Number of normalized sequences (per million) that were annotated within the 60 enzyme-encoding genes involved in transformation of lignin and its derived aromatic compounds. The top 16 ligninolytic enzyme-encoding genes that were significantly abundant (p ≤ 0.05) in WS1-M, CS-M, or SG-M are shown at the bottom. Statistical differences in gene abundance within each consortium are indicated with lowercase letters (ANOVA, p ≤ 0.05). vanB (vanillate monooxygenase, in bold) was significant abundant only in WS1-M, whereas aryl-alcohol dehydrogenase (in bold) was significant abundant only in CS-M

Fig. 3
figure 3

Heat map of normalized abundance values (Row Z score) obtained using the number of sequences annotated within the 60 enzyme-encoding genes involved in transformation of lignin and its derived aromatic compounds in each microbial consortium. Genes differentially and significantly enriched (padj-value ≤ 0.05, Wald test; and Log2 FC ≥ 1) in WS1-M, CS-M, and/or SG-M compared with FS1 are labeled in blue

Unfortunately, multicopper oxidases and dye-decolorizing peroxidases (DyPs) (e.g., K15733; EC, 1.11.1.19) involved in bacterial lignin oxidation processes were not identified in the metagenomic annotation, suggesting a low copy numbers within bacterial genomes and/or due to the relative low number of representative sequences available in the KEGG database.
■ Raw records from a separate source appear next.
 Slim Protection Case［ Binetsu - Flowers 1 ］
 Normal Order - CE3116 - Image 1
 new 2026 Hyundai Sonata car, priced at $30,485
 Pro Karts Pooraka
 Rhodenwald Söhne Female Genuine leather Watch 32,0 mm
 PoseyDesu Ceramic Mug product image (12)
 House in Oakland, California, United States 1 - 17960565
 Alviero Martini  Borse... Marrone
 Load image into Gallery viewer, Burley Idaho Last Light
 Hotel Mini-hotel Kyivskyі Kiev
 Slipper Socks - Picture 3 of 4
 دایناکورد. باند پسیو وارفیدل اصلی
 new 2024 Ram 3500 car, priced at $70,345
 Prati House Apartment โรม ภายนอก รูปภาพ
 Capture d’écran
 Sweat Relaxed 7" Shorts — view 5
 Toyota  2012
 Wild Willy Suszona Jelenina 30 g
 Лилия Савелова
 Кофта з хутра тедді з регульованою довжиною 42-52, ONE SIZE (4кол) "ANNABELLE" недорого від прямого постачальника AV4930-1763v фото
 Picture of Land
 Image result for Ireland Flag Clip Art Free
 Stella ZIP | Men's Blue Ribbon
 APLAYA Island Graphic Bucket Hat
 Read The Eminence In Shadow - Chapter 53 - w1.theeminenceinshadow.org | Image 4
In fact, only three genes encoding for DyPs have been found in P. fluorescens [46], and around 100 DyPs sequences from bacterial origin are available in a specialized database (http://peroxibase.toulouse.inra.fr/) [14]. As was mentioned, the extracellular depolymerization of lignin releases a mixture of aromatic monomers that can be converted into metabolic intermediates via catechol and protocatechuate pathways. These routes can be divided in three blocks: (1) the branch of catechol intermediate (ortho-cleavage), which involves the following enzyme-encoding genes: catA, catB, and catC; (2) the branch of protocatechuate (meta-cleavage), which involves pcaG, pcaH, pcaB, and pcaC; and finally, (3) the reactions common for both branches, catalyzed by pcaD, pcaI, pcaJ, and pcaF [11, 18]. In this regard, we found that the metagenomes from the consortia 10-RWS and 10-TWS contained a high abundance of pca genes (e.g., pcaBCGHIJ) compared with the other consortia (Fig. 3), suggesting a high proportion of low molecular weight aromatic compounds in these systems. These microbial consortia were cultivated on untreated and heat-treated wheat straw [22], where lignin proportion is higher, but probably with lower recalcitrance compared with substrates used on the selection of WS1-M, SG-M, and CS-M. In a recent proteomic-based study, Park et al. [47] demonstrated that P. putida KT2440 significant induces the production of pca-derived proteins after growth on plant-derived lignolysate.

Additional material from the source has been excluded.